Wiele komentarzy wywołał materiał BBC, w którym stacja opowiada historię “spotkania skrajnie prawicowych ekstremistów” w Londynie. Tym mianem telewizja określiła Targi Książki, które odbyły się w Slough w listopadzie 2017 r. W wydarzeniu uczestniczył m. in. publicysta Witold Gadowski, a także Wojciech Sumliński.
Reportaż telewizji BBC o Polsce został zatytułowany “Czy Polska się putinizuje?”. Jak poinformował członek Klubu Jagiellońskiego, Bartosz Bryski, jego producentką była prawdopodobnie Maya Rostowska, córka byłego ministra finansów, Jacka Rostowskiego.
Materiał skomentowała polska ambasada w Londynie. “Ambasada RP w Londynie informuje, że nie popiera jakiejkolwiek skrajnej retoryki czy to antymuzułmańskiej czy to antyimigracyjnej” – czytamy w oświadczeniu. Placówka wskazuje, że wsparcie, jakie zostało udzielone organizatorom, było motywowane dobrą wiarą. Targi otrzymały dofinansowanie w wysokości 1019,39 GBP z funduszy polonijnych MSZ.

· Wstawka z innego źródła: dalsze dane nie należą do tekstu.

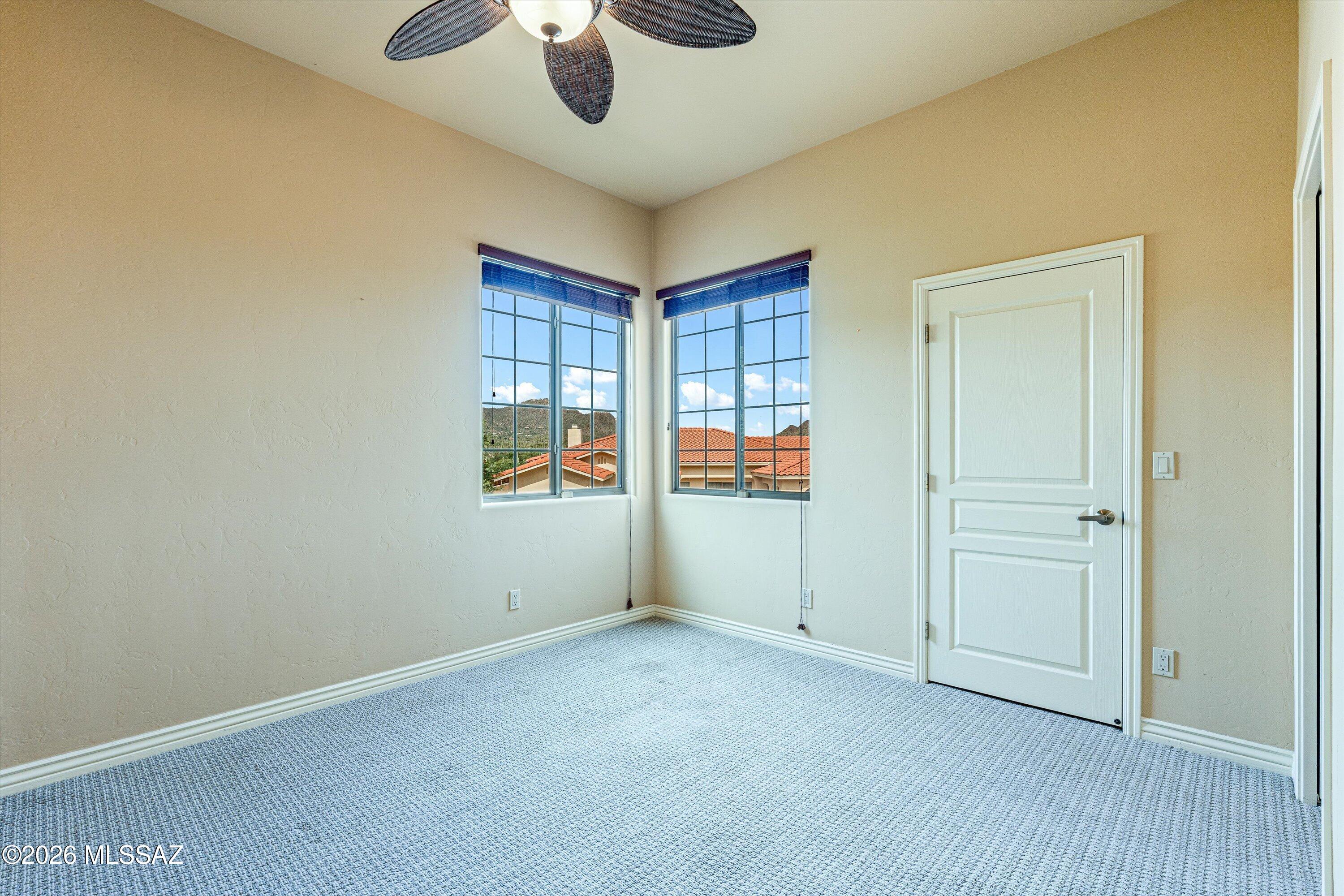 Colonial Trails (1-35) - Residential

Portal wPolityce.pl zapytał Gadowskiego, co sądzi o materiale BBC. – Wygląda na to, że jakieś środowisko lewicowe, a nawet lewackie zrobiło donos do BBC wyolbrzymiając pewne fakty. Usiłuje na tym wypłynąć i zablokować wizyty polskich autorów w Wielkiej Brytanii. Lewica zauważyła, że polscy autorzy mają duży wpływ na kształtowanie poglądów Polonii. Zarzucanie autorom, którzy pojawiają się na Wyspach, że są ksenofobami i nacjonalistami jest brednią ocierającą się o przestępstwo. Byłem na targach książki w Slough. Nie wiem jednak jakim cudem można mnie nazwać nacjonalistą czy ksenofobem, a tym bardziej rasistą, biorąc pod uwagę to co piszę i mówię – stwierdza publicysta.
Według Witolda Gadowskiego, mamy do czynienia z “lewacką dyktaturą”: – Orwell byłby zdziwiony, że „postępy postępu” w jego ojczyźnie są aż tak wielkie. Jeżeli chcemy zachować naszą wolność musimy z tym walczyć osobistą, bo to zakrawa na jakąś lewacką dyktaturę.
Publicysta odnosi się także do tekstu “Gazety Wyborczej” pt. “Polska opłaca rasistów”, w którym zarzucono polskiej ambasadzie w Londynie, iż opłaciła spotkanie “prawicowych ekstremistów”. – Artykuł jest agresywny, kłamliwy i ideologiczny. Nie czuję się rasistą ani ksenofobem. Nawet nie czuję się związany z myśleniem narodowym w sensie idei narodowej. Zawsze uważałem się za chadeka. Zarzucanie mi tego typu rzeczy jest bzdurne. Jest to element większej gry, która odbywa się w Europie i ma na celu zamknięcie ust wszelkim środowiskom konserwatywnym – stwierdza Gadowski.